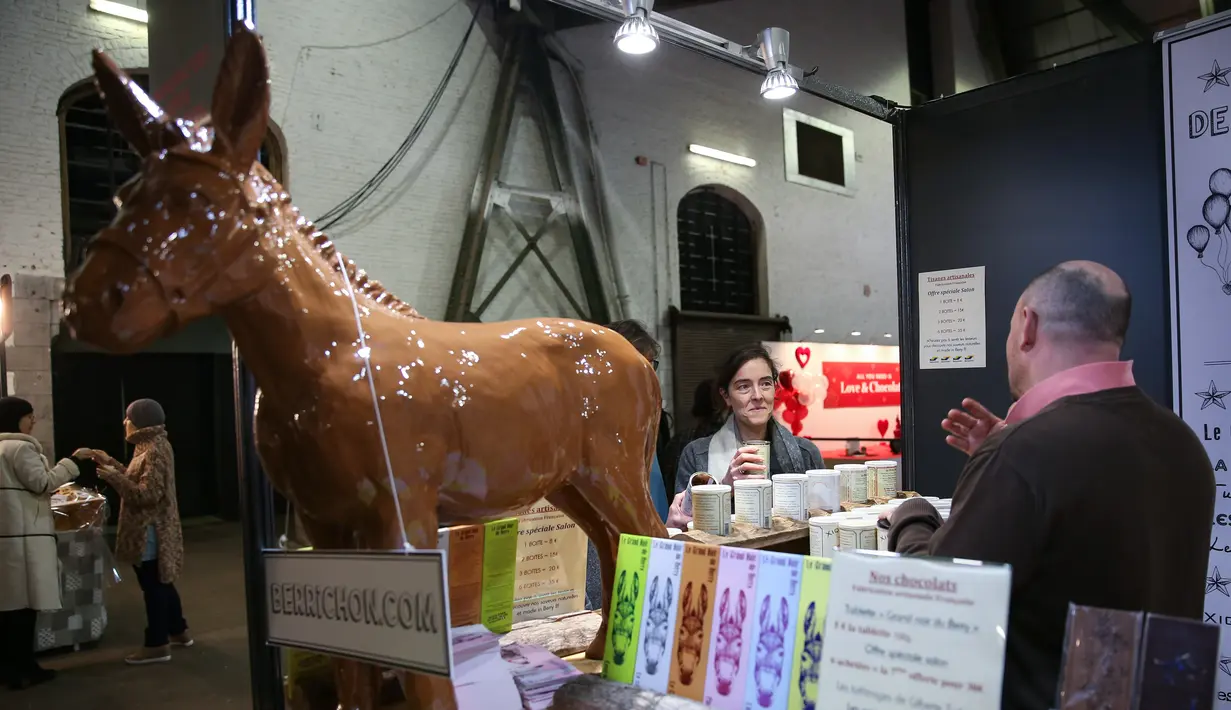 Peserta pameran memperkenalkan produk cokelat kepada pengunjung di Pameran Cokelat Brussel ketujuh di Brussel, Belgia (13/2/2020). Pameran ini mempertemukan lebih dari seratus pembuat cokelat, koki pastri, manisan, dan produsen kakao, dibuka pada Kamis (13/2) di ibu kota Belgia. (Xinhua/Zhang Cheng)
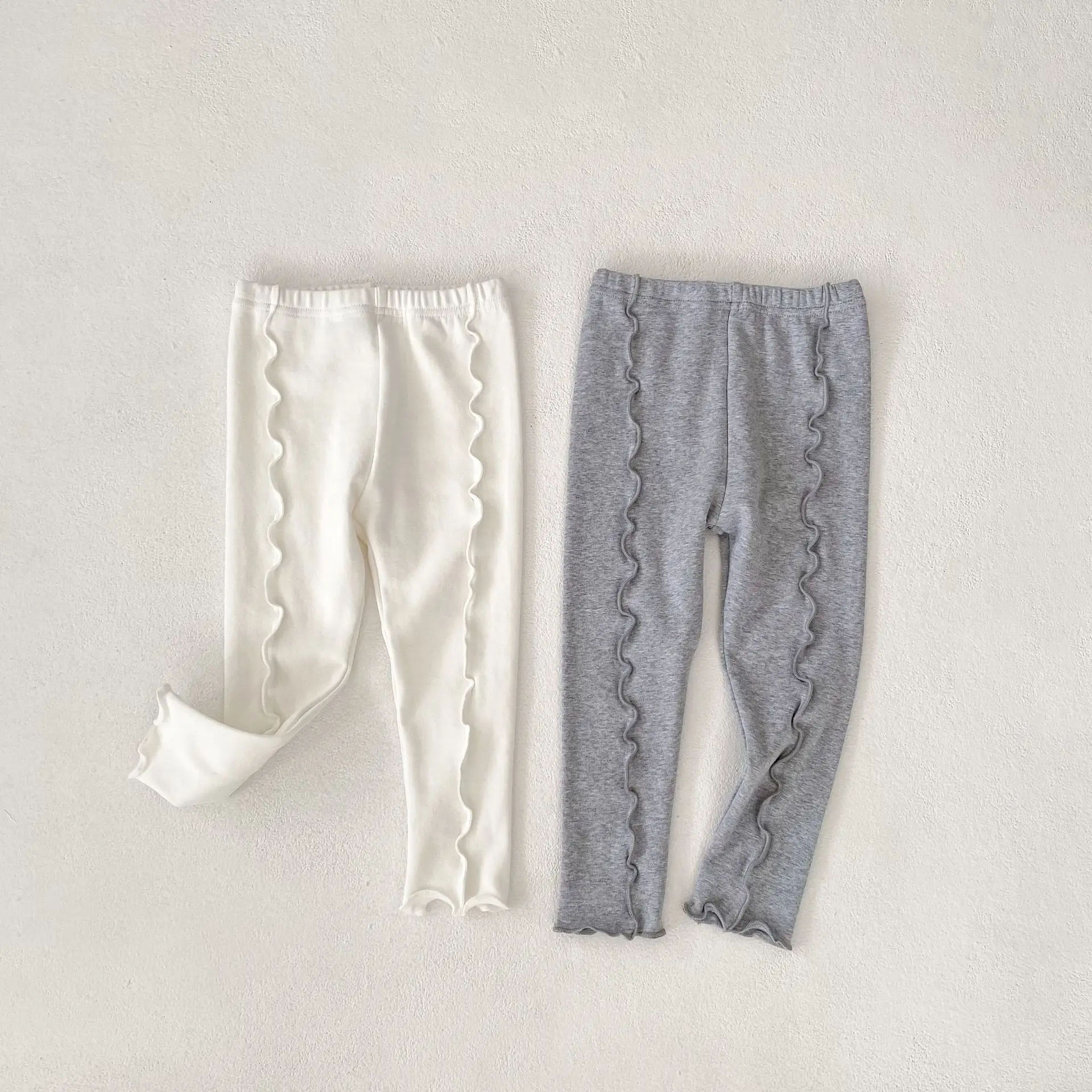 

New autumn clothing for 0-3 year old babies, featuring wave patterned pants that are easy to wear and leggings for baby girls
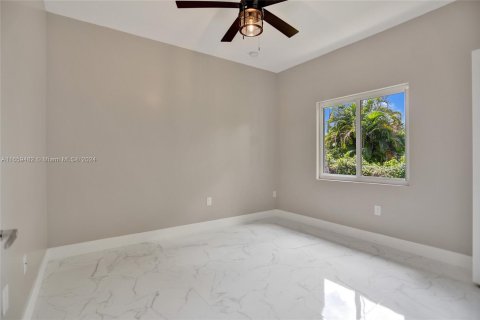 Villa ou maison à louer à Miami, Floride: 3 chambres, 117.43 m2 № 1364224 - photo 10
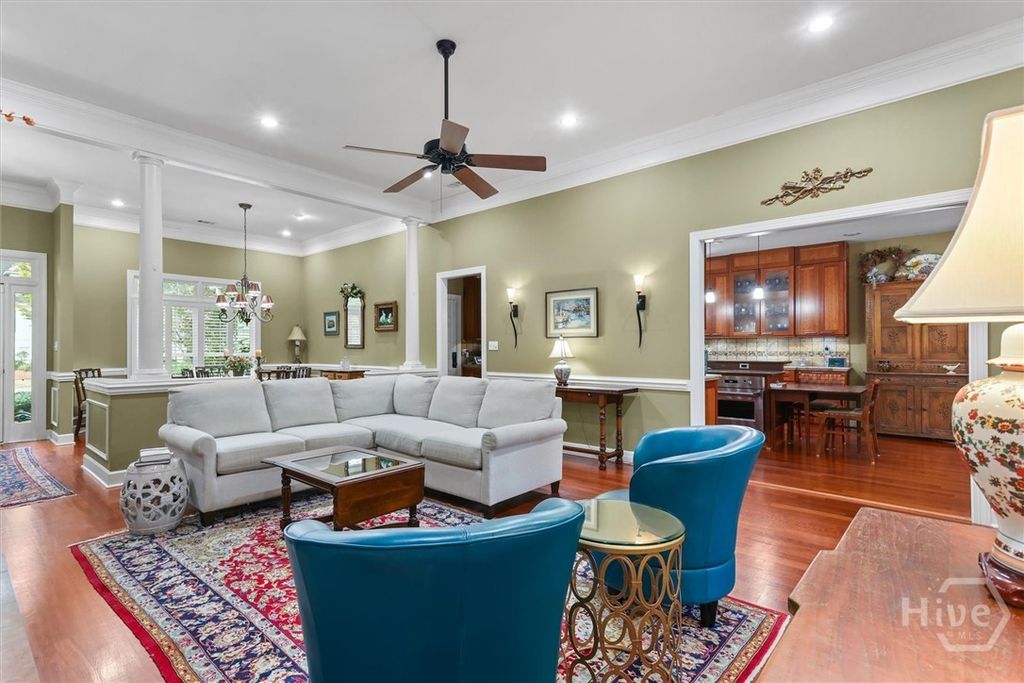 Image 38 of property listing at 105 Baymeadow Point, Savannah, GA 31405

* * *

• WHAT YOU NEED TO DO: Leaving the pictures out, output all of the listing exactly.

• ANSWER SPACE:
 Peserta pameran memperkenalkan produk cokelat kepada pengunjung di Pameran Cokelat Brussel ketujuh di Brussel, Belgia (13/2/2020). Pameran ini mempertemukan lebih dari seratus pembuat cokelat, koki pastri, manisan, dan produsen kakao, dibuka pada Kamis (13/2) di ibu kota Belgia. (Xinhua/Zhang Cheng)

New autumn clothing for 0-3 year old babies, featuring wave patterned pants that are easy to wear and leggings for baby girls
 Villa ou maison à louer à Miami, Floride: 3 chambres, 117.43 m2 № 1364224 - photo 10
 Image 38 of property listing at 105 Baymeadow Point, Savannah, GA 31405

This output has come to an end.